The miracle at Cana foreshadowed the wine that would become the blood of the new and eternal covenant, shed for the remission of sins (see Mt 26:28). The miracle also reminds us of what Jesus would say at the Last Supper after instituting the Eucharist: “I shall not again drink the fruit of the vine until I drink it new in the kingdom of God” (Mk 14:25) — that is, until after he had risen from the dead. This leads to another clue that unlocks the meaning of this Gospel account: John tells us that the miracle took place “on the third day” — which brings to mind our profession of the resurrection.

The miracle at Cana looks ahead to what St. Paul would say of Jesus’ saving death and resurrection truly re-presented in the Eucharist: “For as often as you eat this bread and drink the cup, you proclaim the death of the Lord until he comes in glory” (1 Cor 11:26).

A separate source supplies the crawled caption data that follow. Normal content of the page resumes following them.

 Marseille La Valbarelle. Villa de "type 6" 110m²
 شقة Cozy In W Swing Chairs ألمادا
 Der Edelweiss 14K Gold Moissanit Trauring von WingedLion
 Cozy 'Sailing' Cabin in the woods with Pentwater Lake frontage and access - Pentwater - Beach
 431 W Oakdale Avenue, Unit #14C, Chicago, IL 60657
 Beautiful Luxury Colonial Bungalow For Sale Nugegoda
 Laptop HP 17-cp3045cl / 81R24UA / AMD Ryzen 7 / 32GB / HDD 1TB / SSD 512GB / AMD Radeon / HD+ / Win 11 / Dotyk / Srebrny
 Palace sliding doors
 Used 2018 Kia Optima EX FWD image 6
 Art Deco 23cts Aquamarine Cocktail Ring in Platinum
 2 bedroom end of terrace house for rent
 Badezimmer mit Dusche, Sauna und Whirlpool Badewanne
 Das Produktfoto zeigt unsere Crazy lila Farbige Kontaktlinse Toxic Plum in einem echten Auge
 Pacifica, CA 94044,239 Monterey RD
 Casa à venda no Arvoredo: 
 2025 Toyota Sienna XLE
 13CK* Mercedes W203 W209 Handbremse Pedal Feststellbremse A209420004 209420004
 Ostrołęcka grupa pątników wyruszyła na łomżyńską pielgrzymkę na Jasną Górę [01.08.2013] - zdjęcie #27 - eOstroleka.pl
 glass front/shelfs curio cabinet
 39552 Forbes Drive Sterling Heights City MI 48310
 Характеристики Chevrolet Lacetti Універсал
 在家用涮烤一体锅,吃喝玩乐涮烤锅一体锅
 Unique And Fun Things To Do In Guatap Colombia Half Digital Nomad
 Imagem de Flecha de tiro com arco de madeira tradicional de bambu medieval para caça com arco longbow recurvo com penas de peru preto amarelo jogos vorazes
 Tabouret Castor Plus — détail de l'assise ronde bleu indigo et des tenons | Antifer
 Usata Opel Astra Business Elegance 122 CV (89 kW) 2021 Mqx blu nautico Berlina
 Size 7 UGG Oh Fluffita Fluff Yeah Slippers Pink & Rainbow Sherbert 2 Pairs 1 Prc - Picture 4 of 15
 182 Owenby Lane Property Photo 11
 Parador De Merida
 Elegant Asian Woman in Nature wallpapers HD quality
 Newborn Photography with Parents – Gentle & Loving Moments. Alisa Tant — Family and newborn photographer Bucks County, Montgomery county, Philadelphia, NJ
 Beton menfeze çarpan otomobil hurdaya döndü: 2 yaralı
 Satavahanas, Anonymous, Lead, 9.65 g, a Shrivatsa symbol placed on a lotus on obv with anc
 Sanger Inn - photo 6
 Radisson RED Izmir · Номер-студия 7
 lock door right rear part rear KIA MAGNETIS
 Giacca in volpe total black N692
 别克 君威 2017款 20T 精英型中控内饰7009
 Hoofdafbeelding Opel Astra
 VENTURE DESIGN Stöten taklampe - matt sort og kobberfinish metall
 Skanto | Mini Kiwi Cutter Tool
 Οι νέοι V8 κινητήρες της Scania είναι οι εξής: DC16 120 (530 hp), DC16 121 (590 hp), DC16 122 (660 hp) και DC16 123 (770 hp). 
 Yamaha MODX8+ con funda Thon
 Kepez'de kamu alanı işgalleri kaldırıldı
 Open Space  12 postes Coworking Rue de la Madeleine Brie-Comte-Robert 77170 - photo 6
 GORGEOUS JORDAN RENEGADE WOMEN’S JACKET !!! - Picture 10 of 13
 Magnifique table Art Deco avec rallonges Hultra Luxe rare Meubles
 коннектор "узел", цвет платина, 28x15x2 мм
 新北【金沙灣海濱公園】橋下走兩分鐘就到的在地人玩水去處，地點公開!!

Yet another eucharistic overtone in the miracle at Cana is the sheer abundance of wine. Each of the six stone water jars, used for Jewish ceremonial washings, held as much as 30 gallons. This foreshadows the miracle in which Jesus took what few loaves he was offered and produced superabundant food — more than sufficient to satisfy the hunger of the crowds who had gathered to hear him.


It is noteworthy that Jesus first manifested his glory at a wedding feast. In the Gospels of Matthew (22:1-14) and Luke (14:15-24), we find Jesus’ parable of a king’s wedding feast. Many of those who were invited refused to attend, just as many of those who are invited to the Eucharist each Sunday remain absent.

St. Paul’s Letter to the Ephesians captures the significance of the miracle at Cana and Jesus’ other references to wedding feasts (see Eph 5:21-32). Paul presents marriage as a fundamental way of understanding Christ’s relationship to his Church: Christ is the bridegroom, and the Church is the bride. Christ gives himself in total, sacrificial love to his Church, eliciting from us, his people, a graced response of loving worship and holiness of life. Christ’s relationship with his Church also helps us to understand marriage in God’s plan. Christian marriage symbolizes the love of Jesus for his Church and, in a sense, makes this love present in the world.

Ultimately, the miracle at Cana points to the paschal wedding feast of heaven, where Christ, crucified and risen from the dead, is exalted at the right hand of the Father. Here, the angels and saints rejoice not with earthly wine, but with the new wine of God’s own life and love.